Also ich denke eben das es nicht sinnvoll ist alle 2^20 Kombinationen überhaupt in betracht zu ziehen.
Wenn Du jeden Wert darauf prüfst ob er nur aus z.B. 3 Bit besteht musst Du ja immer noch über eine Million Prüfungen machen.

Ich würde nur die Kombinationen ansteuern die aus z.B. 3 Bit bestehen. 

Wenn man dann noch die Durchläufe auf mehrere SPS-Zyklen verteilt ist die Aufgabe schon gar nicht mehr so groß.

Wenn die Werte nun noch sortiert vorhanden wären, wäre das ganze noch leicht zu optimieren.

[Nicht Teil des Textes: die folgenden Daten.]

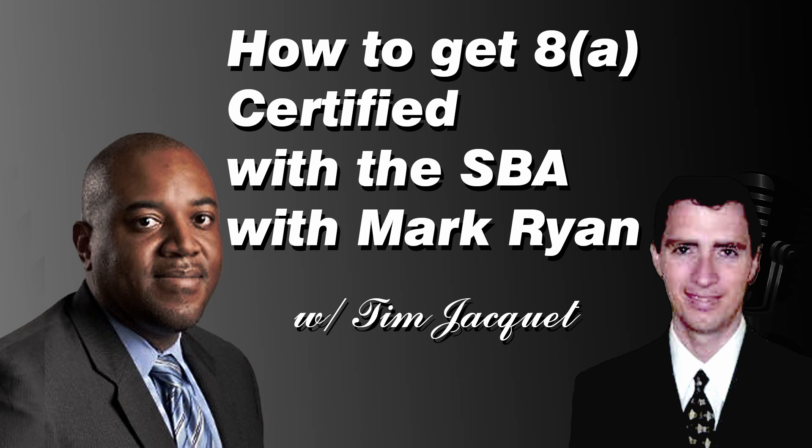The application process involves a significant application. The SBA has only added more and more regulations over the last 35 years. Typical applications are three or four inches thick and will have years of financial statements, tax returns, corporate minutes, bylaws, resumes, contracts, invoices, teaming agreements, and a lot of personal financial information. There's a significant amount of technical writing involved. You submit that to the SBA and they take about three months to approve it. It's a slow process and an involved application.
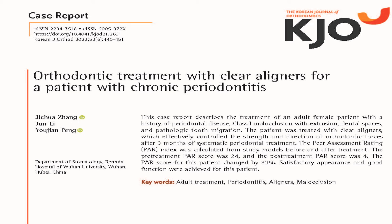Hello everyone. I'm Dr. Zhang from Renmin Hospital of Wuhan University. I will present a case study entitled orthodontic treatment with clear aligners for a patient with chronic periodontitis.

Aber das lasse ich hier mal außen vor da dies jetzt die Übersichtlichkeit nicht fördern würde. 

Ich habe das ganze mal für die Aufgabe 3 aus 20 (also 1140 Möglichkeiten) in CoDeSys Programmiert. Die Varianten 2 bzw. 4 aus 20 müssten da noch rein. 

Die Umsetzung von diesem ST-Code nach SCL sollte eigentlich nicht so schwer sein. 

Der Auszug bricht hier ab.